The ad has triggered a feud of sorts between the Perdue camp and Bush's son, Neil Bush, who currently is chairman of the Points of Light Foundation, the group besmirched in the ad. The younger Bush called the allegations “ridiculous” in an interview with the Atlanta Journal-Constitution.
“It really makes my blood boil to think that someone would make that kind of an allegation, whether it’s an independent political group or a candidate for office,” he told the paper. “Anyone who makes the claim needs to understand the facts and then they need to denounce those claims. To attack an organization founded by my father, whose integrity is unimpeachable, to smear our organization for political gains, is in my opinion shameful.”
The timing of the first ad was peculiar. The National Republican Senatorial Committee ad, with the consent of the Republican nominee, was released shortly after former President George H.W. Bush actually endorsed Perdue in the race.
The ad, making no mention of Bush, instead focused on Nunn's leadership and said the foundation "gave money to organizations linked to terrorists." (Perdue's campaign has since released a similar ad.)
Nunn ran the Points of Light organization alongside Neil Bush for several years, and he took exception.
"Neither Points of Light nor Michelle Nunn have had anything to do with funneling money from our organization to terrorist organizations," Bush said in the AJC interview.

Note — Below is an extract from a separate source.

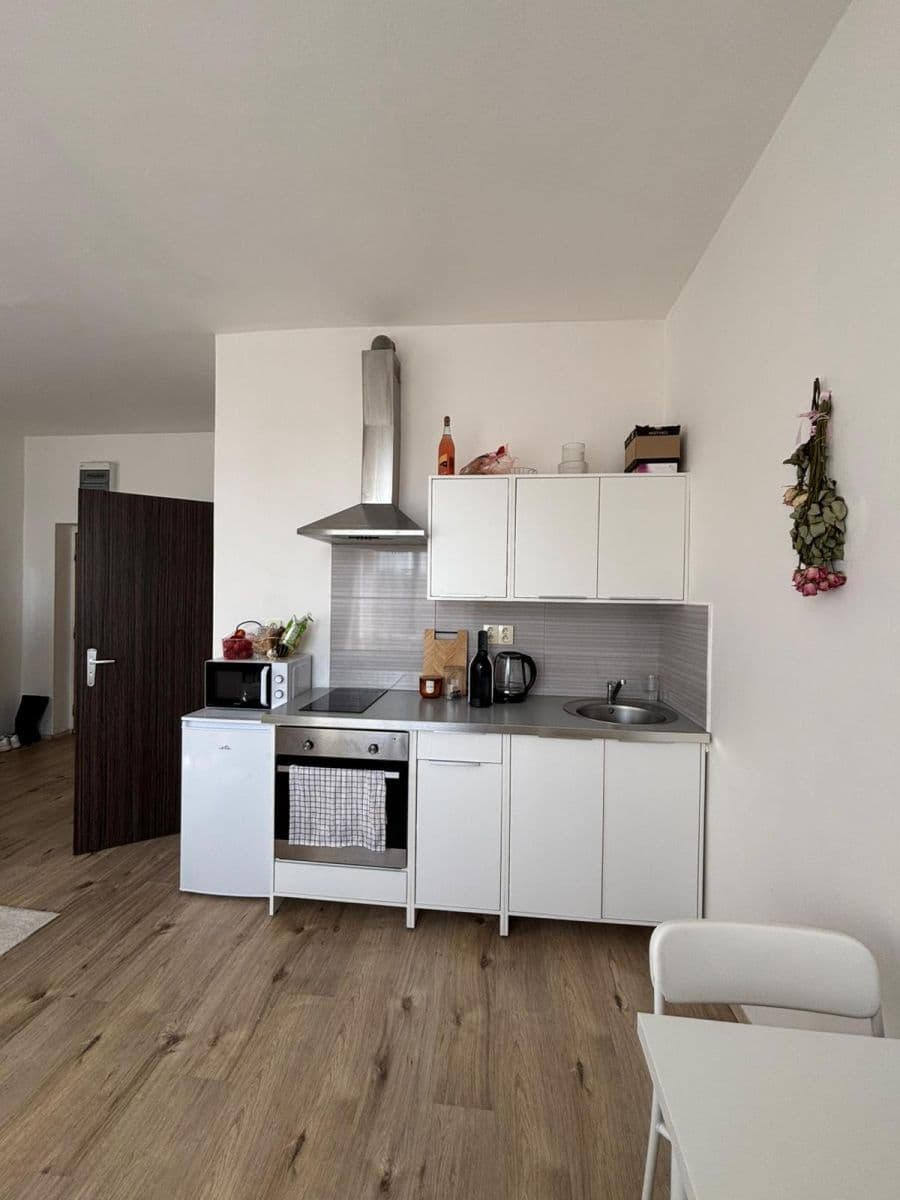 Pronájem bytu Garsoniéra 24 m², Husova tř., České Budějovice, Jihočeský kraj Pronájem bytu Garsoniéra 24 m², Husova tř., České Budějovice, Jihočeský kraj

The former president, though, appears to be showing no hard feelings.
On Thursday, Bush spokesman Jim McGrath said the president was committed to “to seeing David Perdue elected to the U.S. Senate from Georgia,” and endorsed him because he "believes America is heading in the wrong direction.”
Far from being miffed over the Perdue ads, McGrath put the scrutiny on Nunn, saying she did not have permission to use the president’s photos in any of her campaign ads and that his objections had been privately communicated to her camp.

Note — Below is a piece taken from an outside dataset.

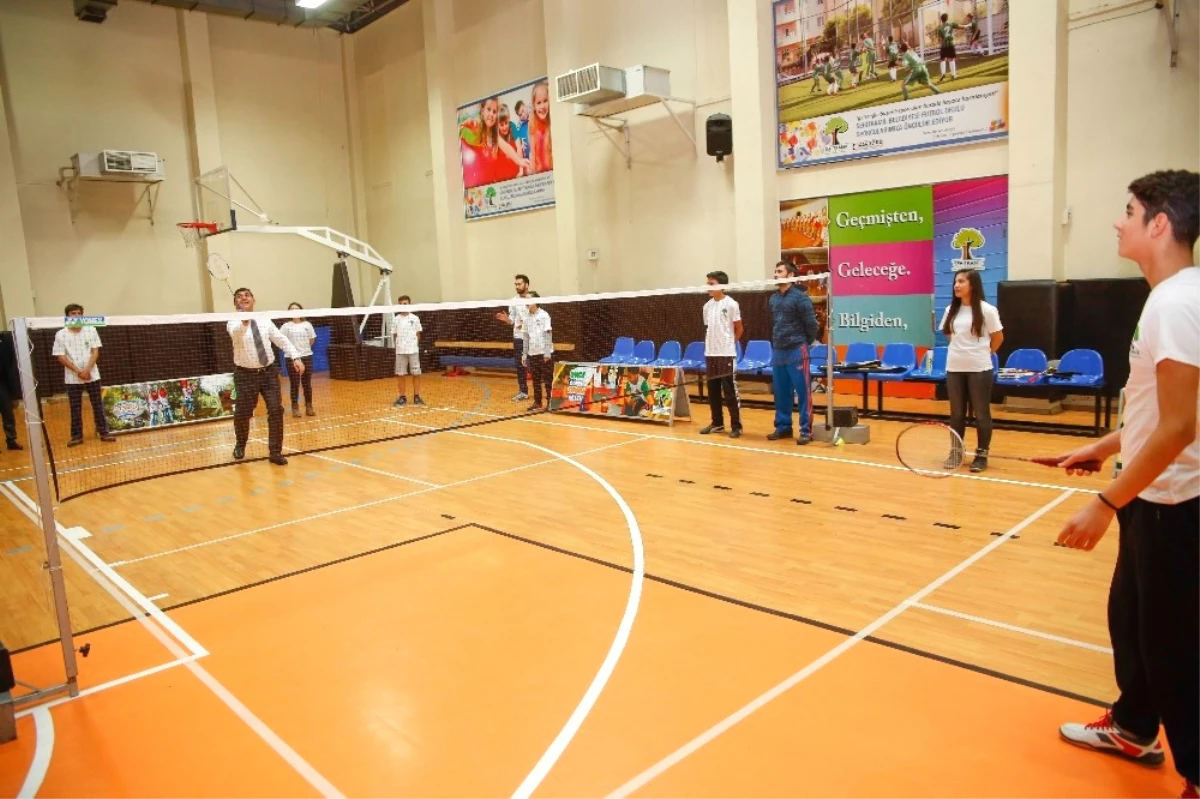Badminton ve Satrançta Şampiyonlar Ödüllendirildi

Nunn remains locked in a heated race for an open Georgia Senate seat, with Perdue holding a slight lead in the polls.
The connection between Nunn, Points of Light and alleged terror funding was first aired when an internal memo -- written by Nunn’s own political team researching areas of weakness in her campaign -- was leaked to the press.

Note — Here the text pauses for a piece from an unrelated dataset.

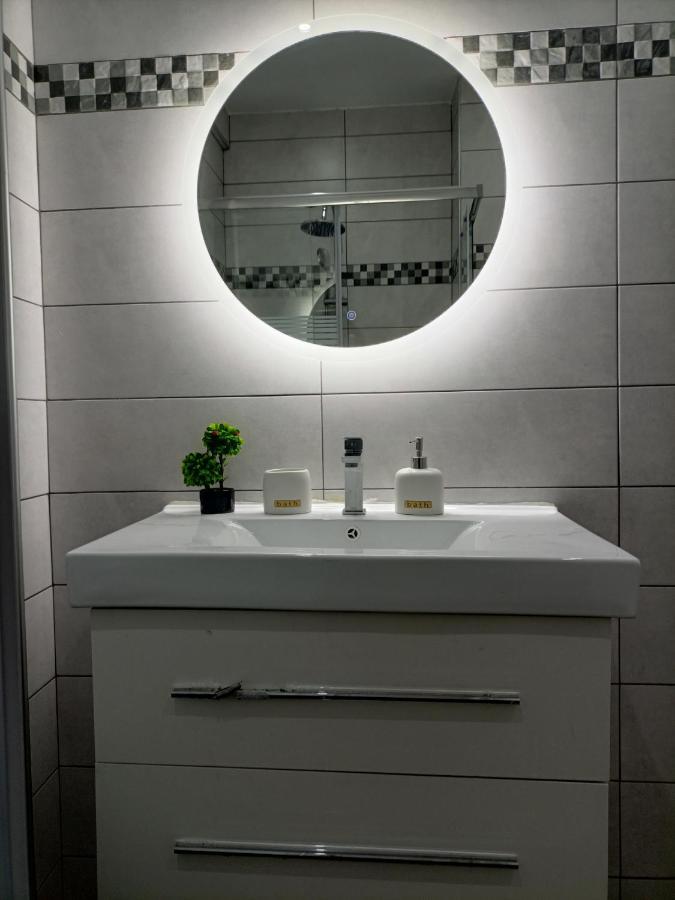 Travelers Tranquil & Chillout Apt Apartment Атина Екстериор снимка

However, a closer look shows that the memo is referring to work a subsidiary, acting as an independent contractor for eBay, did. EBay users, through the company's website, gave thousands of dollars to the U.S. affiliate of Islamic Relief Worldwide, a federally approved charity, according to fact-checking website Politifact.com. According to the site, the group was accused of having Hamas ties by an Israeli official, but denied it.
Perdue’s camp says they have no intention of taking down the ad.
“Michelle Nunn’s own campaign plan highlights serious concerns about her group’s association with terrorist-linked organizations,” Megan Whittemore, a Perdue spokeswoman, said in a statement. “The people of Georgia will have to decide if that’s who they want representing them in the U.S. Senate.”
But Nunn's team is drawing attention to the concerns over the ad. At a campaign event this week, Nunn thanked Neil Bush for his comments.
“Washington can learn a lot from organizations like Point of Light,” Nunn said. “But David Perdue playing politics and falsely attacking an organization that helps so many is exactly what’s wrong with Washington and politics today.”